→ **WHAT TO DO**:
The required output is an exact copy of the lines from the one containing "Jazz Chants®: Audio CD" through the end of the entries below, with pictures removed.

→ **INFORMATION GIVEN**:
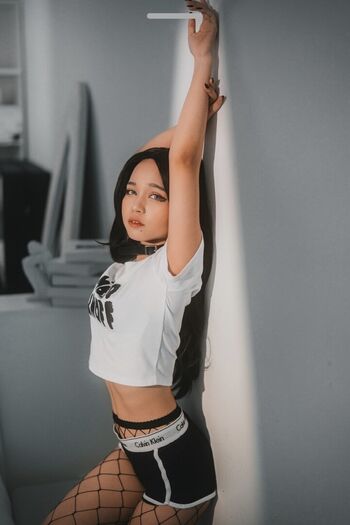 Full leaked Shioko kanae private photo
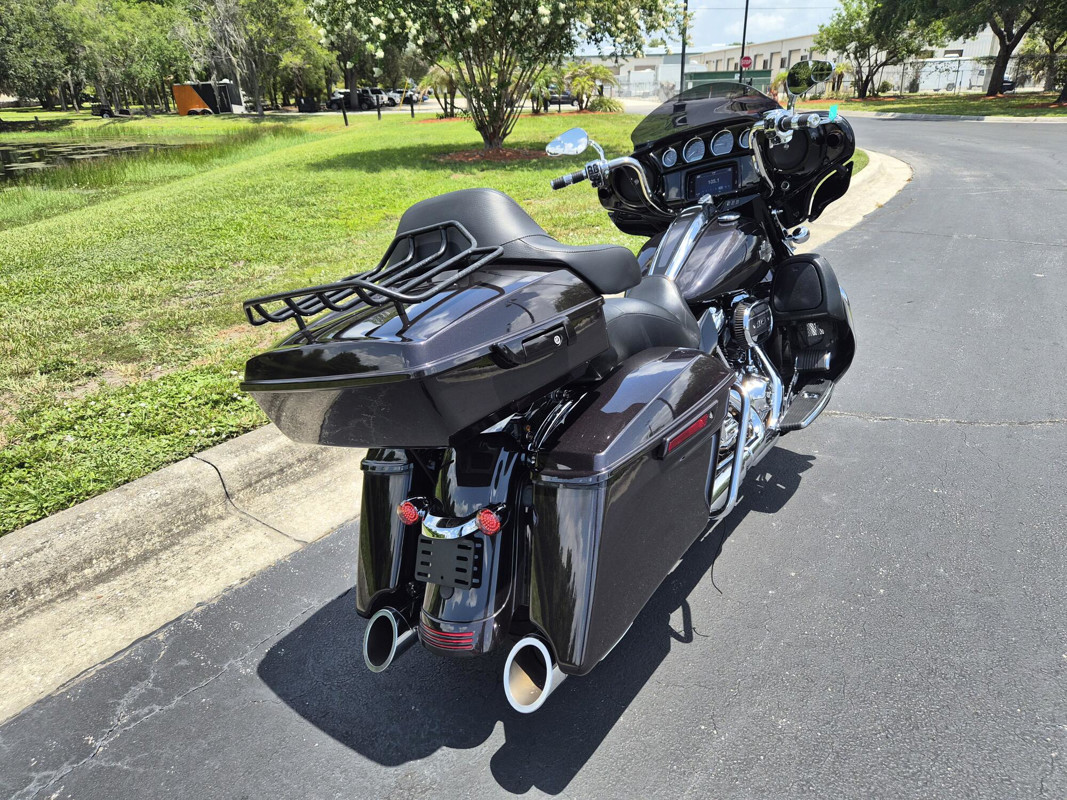 Street Glide® Special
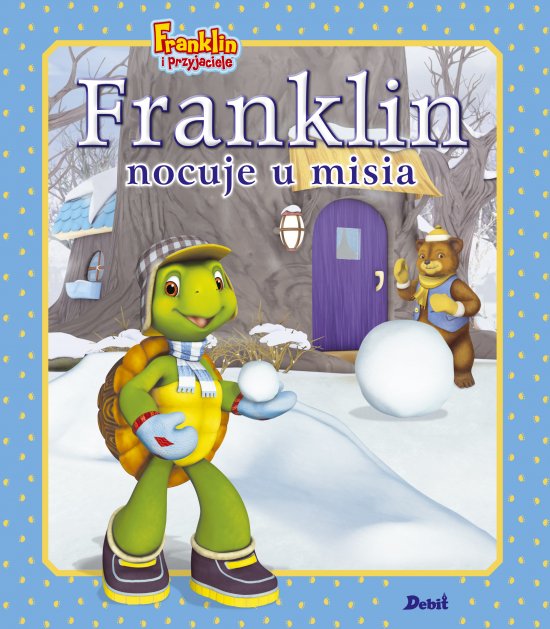 Franklin nocuje u misia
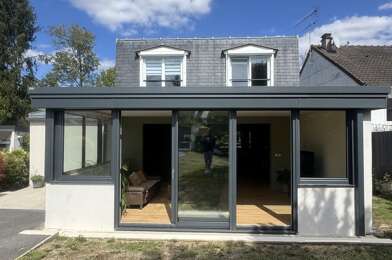 Maison 6 pièces 479000 €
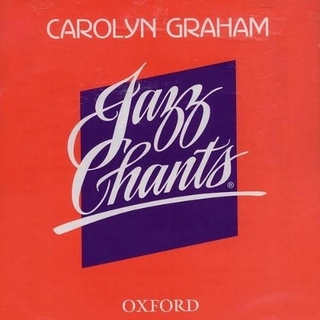 Jazz Chants®: Audio CD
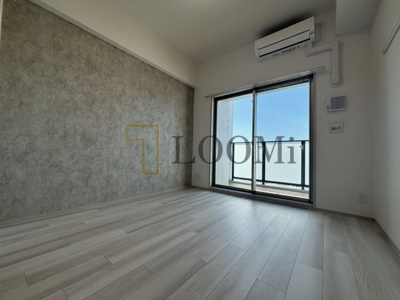 【居間・リビング】 | ザ・ウエストマークシティプレミアム | ザ・ウエストマークシティプレミアム　洋室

→ **SOLVED EXERCISE**:
 Jazz Chants®: Audio CD
 【居間・リビング】 | ザ・ウエストマークシティプレミアム | ザ・ウエストマークシティプレミアム　洋室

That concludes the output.